Oregon voters in 1990 adopted a rigid property-tax limit, and districts have been forced to handle much of their costs with special levies and bond measures; this is exacerbated by the current economic recession, which has forced the Legislature to reduce school support because of declining state income taxes. Portland schools in 2007 passed an operating levy producing nearly $40 million a year but expiring in 2012. The district's chief operating officer, C.J. Sylvester, says there is discussion of asking voters next May to approve both the bond measure and extension of the operating levy rather than waiting for the operating levy to expire a year later.
Portland voters have been generous to schools; the operating levy passed with 63 percent approval, and a 1995 bond measure had strong approval as well. A poll of district voters in September showed 65 percent approval of a $500 million bond issue.
Approval would be in the image Portlanders like to promote: a vibrant urban center embracing green technology, mass transit, diversity, and "young professionals." The city's strong Democratic majority has been the margin of victory for most of the state's Democratic office holders and the city remains a bulwark of Barack Obama backers and even networks dating to Howard Dean's campaign in 2004. Voting in the city's minority and working-class neighborhoods has increased sharply in recent years. All three of the high schools slated for rebuilding under the bond measure are in these neighborhoods; higher-income neighborhoods must wait until after 2017.
Sylvester, who headed the school modernization plan as it was designed, says the idea is to rebuild all 85 schools in a series of bonds issued period about every six years. Short-term financing, she notes, eliminates millions of dollars in interest charges that would be generated by more-traditional 20- or 30-year bonds. Seattle has a similar program, using a levy rather than bonds. Portland's $548 million issue would still leave the district below average for bonded debt in the Portland area; at $2 per $1,000 of assessed value. the district would rank below large suburban districts such as Beaverton, West Linn, and Hillsboro.

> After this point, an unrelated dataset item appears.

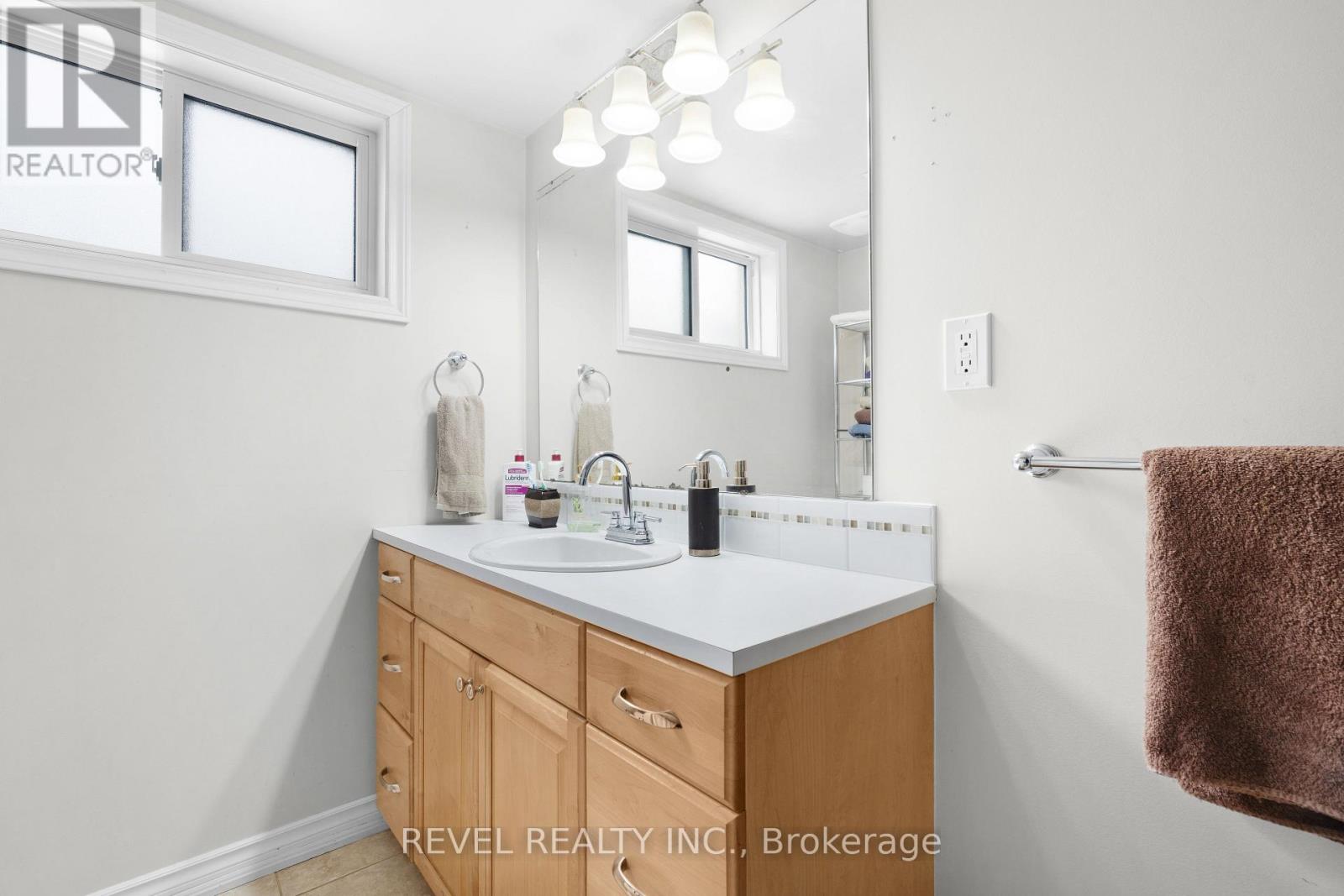 26 Wiltshire Drive, Brantford, Ontario  N3R 5A9 - Photo 37 - X12993006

Still, as the school board prepared to vote on the current bond plan, the region received a gloomy economic report from a consortium of business groups, showing Metro Portland's jobs, wages, and investment income comparing poorly with Seattle and Denver, and even the national average. It's the latest of several economic studies focused on Oregon's economic woes, but the first centered on the state's largest city and major economic driver.
Metro Portland's average wage of $46,000 is below the national average of $48,000 and well below Seattle ($51,000), Minneapolis ($52,000), and Denver ($54,000), according to the study. Because of the low-wage economy, Portland is actually less affordable as a place to live than its competing metro areas, the study found.
Oregon made a transition in the 1990s from a natural-resource economic base to one with a mix of high-tech and service jobs blended with light manufacturing, but the technology jobs were largely in hardware, in contrast to Seattle's software empire, and many of the jobs went overseas in the 21st century. Nothing has taken their place, and the state's declining support for higher education has also placed Oregon at a competitive disadvantage.
The report notes that Portland does enjoy a "livability" factor but that does not outweigh its economic issues. While Portland continues to attract young and well-educated professionals, it is near the bottom when compared to other areas in terms of job creation and investment.